**Description of the task:** Every record below must come back exactly as given.

**Available data:**
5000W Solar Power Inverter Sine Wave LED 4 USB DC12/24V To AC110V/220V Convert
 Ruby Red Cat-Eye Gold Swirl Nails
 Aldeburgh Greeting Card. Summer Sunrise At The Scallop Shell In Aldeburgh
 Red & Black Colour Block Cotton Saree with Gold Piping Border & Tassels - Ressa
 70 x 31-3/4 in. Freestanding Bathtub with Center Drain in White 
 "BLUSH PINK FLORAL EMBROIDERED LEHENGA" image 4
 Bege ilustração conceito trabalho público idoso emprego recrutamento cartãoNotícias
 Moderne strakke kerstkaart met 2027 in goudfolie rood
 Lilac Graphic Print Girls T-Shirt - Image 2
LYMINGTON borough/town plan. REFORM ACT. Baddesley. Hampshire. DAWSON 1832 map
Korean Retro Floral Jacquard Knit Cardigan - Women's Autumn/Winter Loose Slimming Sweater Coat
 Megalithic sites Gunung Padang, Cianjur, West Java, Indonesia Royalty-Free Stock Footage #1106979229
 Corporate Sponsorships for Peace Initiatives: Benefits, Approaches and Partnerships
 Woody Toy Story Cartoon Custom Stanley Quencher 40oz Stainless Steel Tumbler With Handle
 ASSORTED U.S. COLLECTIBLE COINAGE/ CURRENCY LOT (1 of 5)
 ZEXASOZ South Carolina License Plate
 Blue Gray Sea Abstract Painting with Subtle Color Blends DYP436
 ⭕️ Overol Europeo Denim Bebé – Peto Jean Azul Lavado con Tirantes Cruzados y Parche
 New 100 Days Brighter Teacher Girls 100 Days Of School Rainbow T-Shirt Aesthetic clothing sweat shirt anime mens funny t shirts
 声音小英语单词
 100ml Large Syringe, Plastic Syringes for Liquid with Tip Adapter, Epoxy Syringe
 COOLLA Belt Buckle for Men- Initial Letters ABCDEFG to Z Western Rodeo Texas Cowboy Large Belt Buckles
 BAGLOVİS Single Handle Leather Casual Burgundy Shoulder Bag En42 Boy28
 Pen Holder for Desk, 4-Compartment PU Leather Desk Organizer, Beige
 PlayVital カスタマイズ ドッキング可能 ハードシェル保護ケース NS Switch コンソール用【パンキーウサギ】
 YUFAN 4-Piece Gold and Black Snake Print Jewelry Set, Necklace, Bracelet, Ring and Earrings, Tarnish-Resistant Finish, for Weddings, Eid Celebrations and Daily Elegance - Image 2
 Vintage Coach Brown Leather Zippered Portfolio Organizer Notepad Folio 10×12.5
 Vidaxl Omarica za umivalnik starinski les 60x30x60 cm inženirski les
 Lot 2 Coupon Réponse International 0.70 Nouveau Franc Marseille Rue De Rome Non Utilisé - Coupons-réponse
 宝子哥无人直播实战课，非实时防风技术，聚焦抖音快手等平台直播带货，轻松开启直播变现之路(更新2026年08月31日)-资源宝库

**Solution below:**
5000W Solar Power Inverter Sine Wave LED 4 USB DC12/24V To AC110V/220V Convert
 Ruby Red Cat-Eye Gold Swirl Nails
 Aldeburgh Greeting Card. Summer Sunrise At The Scallop Shell In Aldeburgh
 Red & Black Colour Block Cotton Saree with Gold Piping Border & Tassels - Ressa
 70 x 31-3/4 in. Freestanding Bathtub with Center Drain in White 
 "BLUSH PINK FLORAL EMBROIDERED LEHENGA" image 4
 Bege ilustração conceito trabalho público idoso emprego recrutamento cartãoNotícias
 Moderne strakke kerstkaart met 2027 in goudfolie rood
 Lilac Graphic Print Girls T-Shirt - Image 2
LYMINGTON borough/town plan. REFORM ACT. Baddesley. Hampshire. DAWSON 1832 map
Korean Retro Floral Jacquard Knit Cardigan - Women's Autumn/Winter Loose Slimming Sweater Coat
 Megalithic sites Gunung Padang, Cianjur, West Java, Indonesia Royalty-Free Stock Footage #1106979229
 Corporate Sponsorships for Peace Initiatives: Benefits, Approaches and Partnerships
 Woody Toy Story Cartoon Custom Stanley Quencher 40oz Stainless Steel Tumbler With Handle
 ASSORTED U.S. COLLECTIBLE COINAGE/ CURRENCY LOT (1 of 5)
 ZEXASOZ South Carolina License Plate
 Blue Gray Sea Abstract Painting with Subtle Color Blends DYP436
 ⭕️ Overol Europeo Denim Bebé – Peto Jean Azul Lavado con Tirantes Cruzados y Parche
 New 100 Days Brighter Teacher Girls 100 Days Of School Rainbow T-Shirt Aesthetic clothing sweat shirt anime mens funny t shirts
 声音小英语单词
 100ml Large Syringe, Plastic Syringes for Liquid with Tip Adapter, Epoxy Syringe
 COOLLA Belt Buckle for Men- Initial Letters ABCDEFG to Z Western Rodeo Texas Cowboy Large Belt Buckles
 BAGLOVİS Single Handle Leather Casual Burgundy Shoulder Bag En42 Boy28
 Pen Holder for Desk, 4-Compartment PU Leather Desk Organizer, Beige
 PlayVital カスタマイズ ドッキング可能 ハードシェル保護ケース NS Switch コンソール用【パンキーウサギ】
 YUFAN 4-Piece Gold and Black Snake Print Jewelry Set, Necklace, Bracelet, Ring and Earrings, Tarnish-Resistant Finish, for Weddings, Eid Celebrations and Daily Elegance - Image 2
 Vintage Coach Brown Leather Zippered Portfolio Organizer Notepad Folio 10×12.5
 Vidaxl Omarica za umivalnik starinski les 60x30x60 cm inženirski les
 Lot 2 Coupon Réponse International 0.70 Nouveau Franc Marseille Rue De Rome Non Utilisé - Coupons-réponse
 宝子哥无人直播实战课，非实时防风技术，聚焦抖音快手等平台直播带货，轻松开启直播变现之路(更新2026年08月31日)-资源宝库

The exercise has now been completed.